## Required work
Please print, exactly, only the lines in the entries below from the line that has "1003 Kingswood Dr Apt J #J - Photo 3 of 10" through the line that has "Vintage Seiko Turtle". Pictures don't go in.

## Given records

################

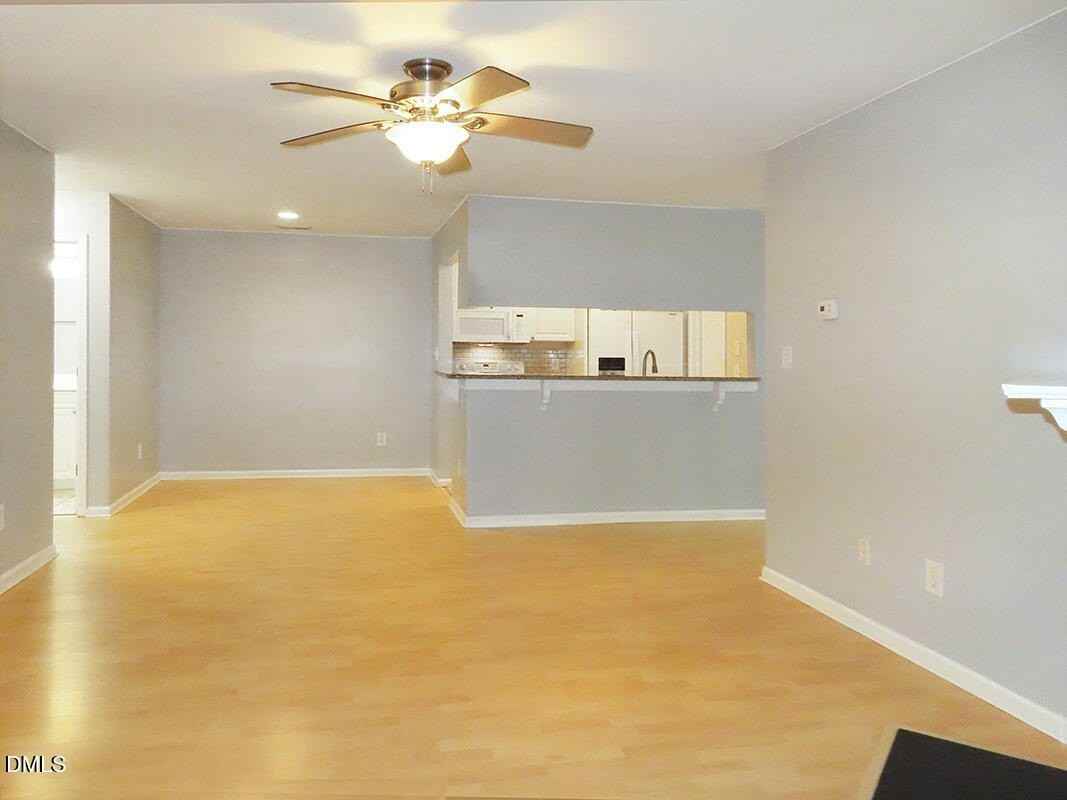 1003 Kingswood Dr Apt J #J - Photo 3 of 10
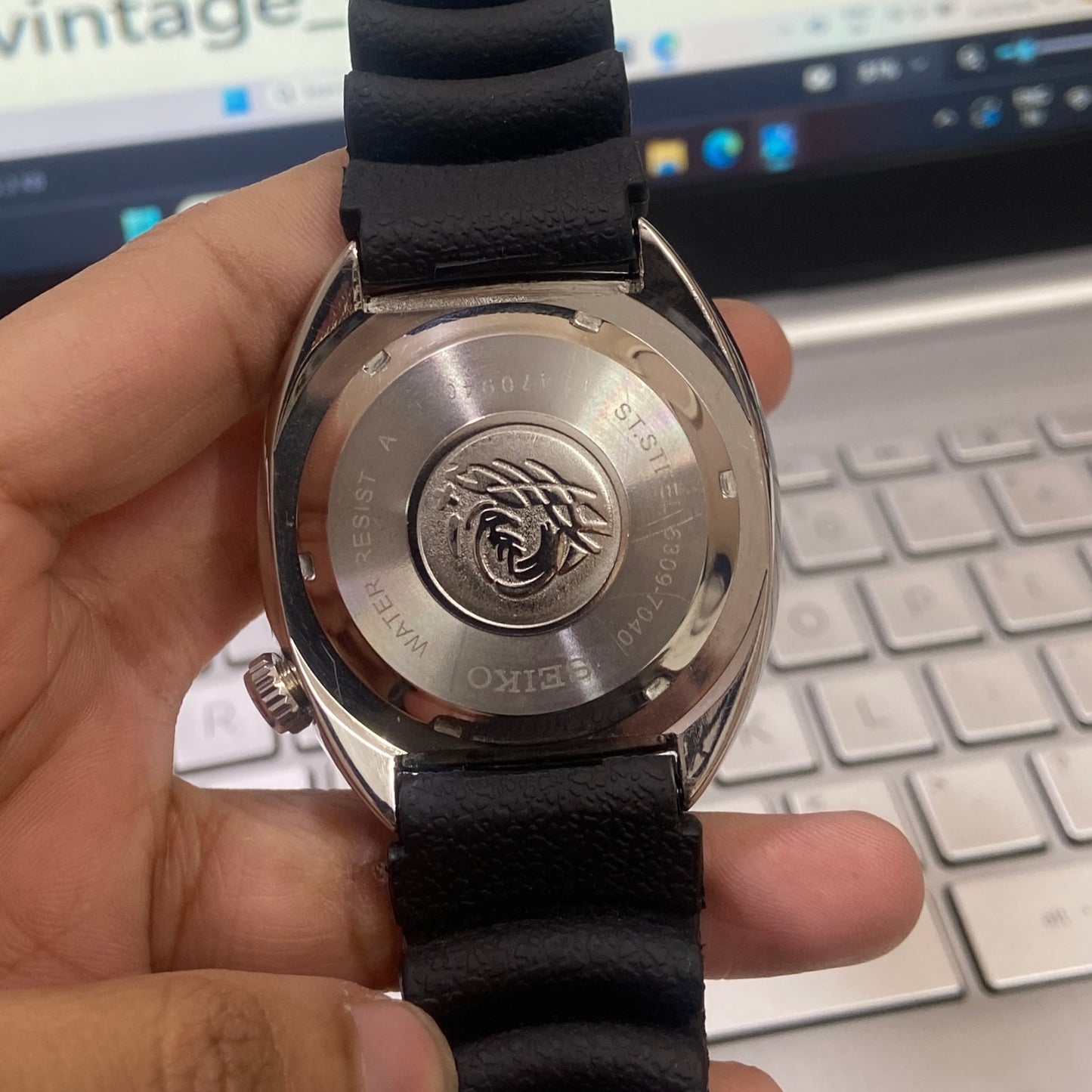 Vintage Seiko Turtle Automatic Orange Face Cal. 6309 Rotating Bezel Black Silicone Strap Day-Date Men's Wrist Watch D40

################

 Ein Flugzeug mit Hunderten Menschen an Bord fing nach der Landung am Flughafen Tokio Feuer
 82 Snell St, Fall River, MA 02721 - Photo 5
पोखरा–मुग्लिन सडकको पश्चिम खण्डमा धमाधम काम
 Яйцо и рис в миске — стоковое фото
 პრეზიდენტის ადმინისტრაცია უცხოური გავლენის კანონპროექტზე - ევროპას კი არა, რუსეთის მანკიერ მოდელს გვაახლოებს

################

## Result
 1003 Kingswood Dr Apt J #J - Photo 3 of 10
 Vintage Seiko Turtle Automatic Orange Face Cal. 6309 Rotating Bezel Black Silicone Strap Day-Date Men's Wrist Watch D40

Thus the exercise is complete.